All lines below must be repeated exactly, with the pictures omitted.

COLLECTED DATA:
————————

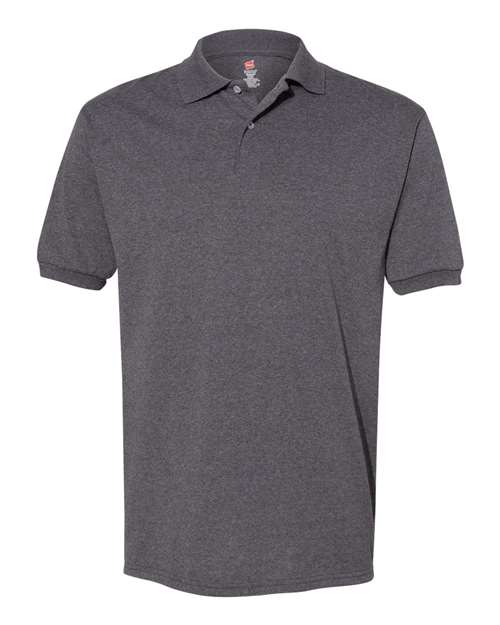 Hanes 054X Charcoal Heather — front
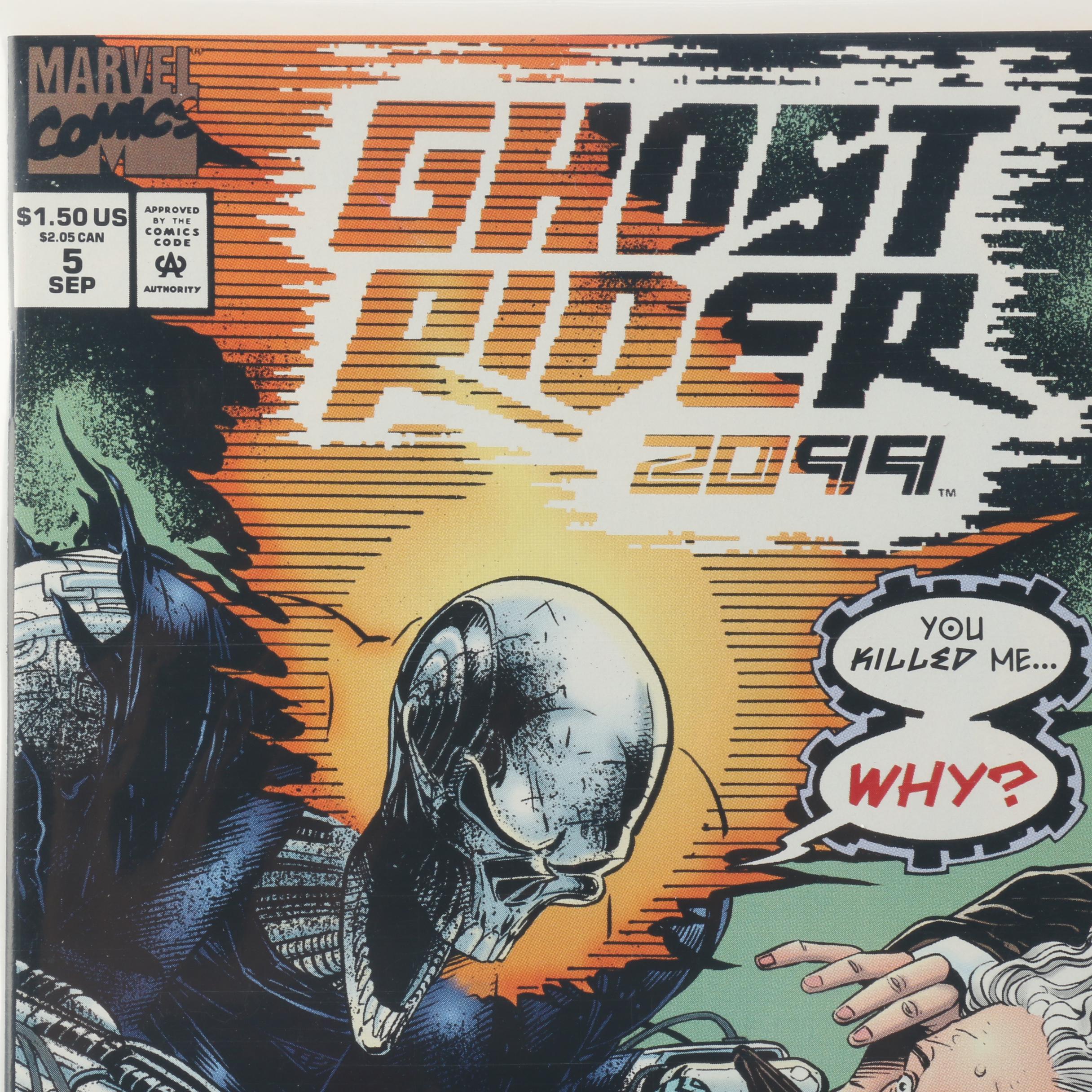 Modern Age Marvel Comics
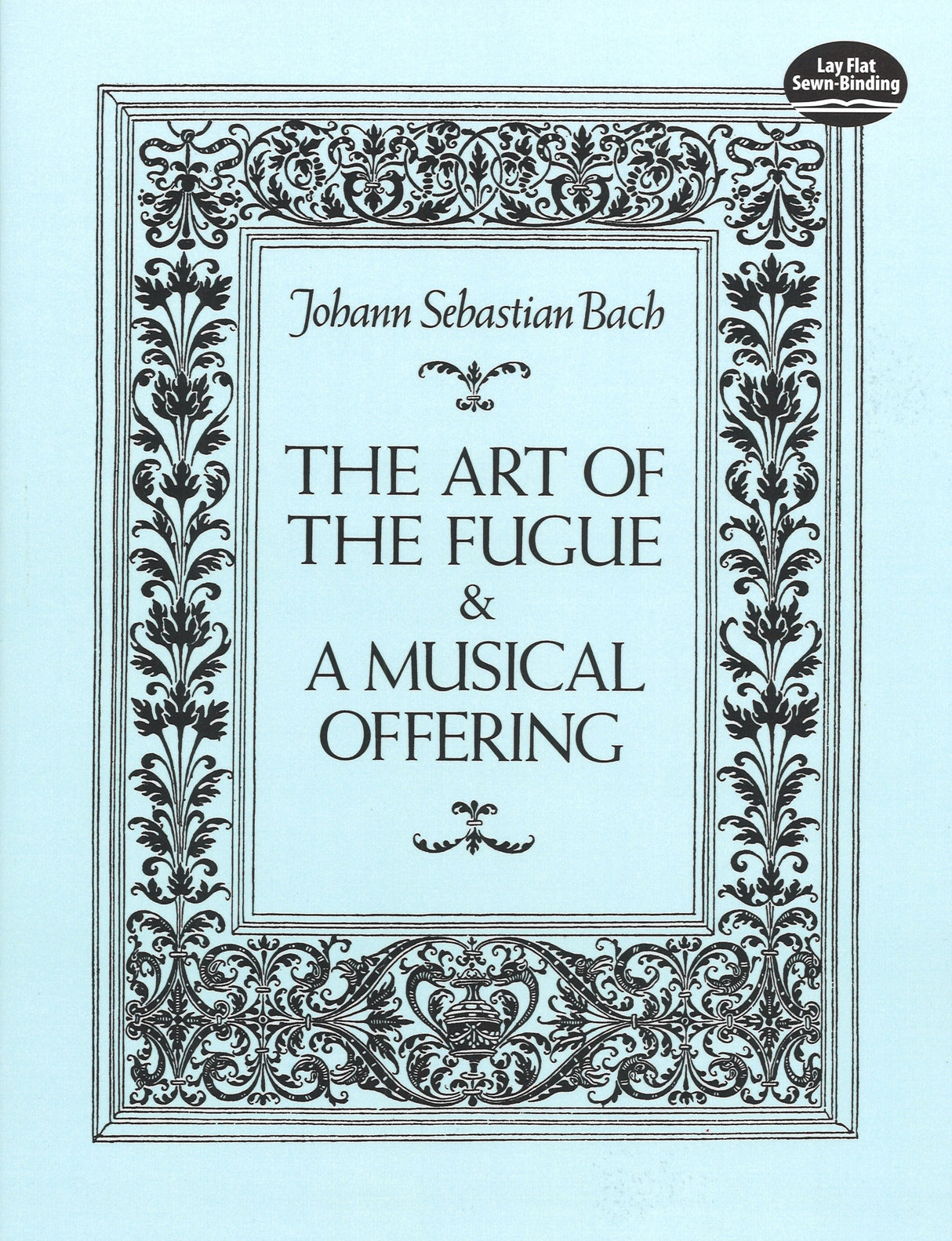 Bach, Art of the Fugue; Musical Offering (Dover)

————————

EXERCISE ANSWER:
 Hanes 054X Charcoal Heather — front
 Modern Age Marvel Comics
 Bach, Art of the Fugue; Musical Offering (Dover)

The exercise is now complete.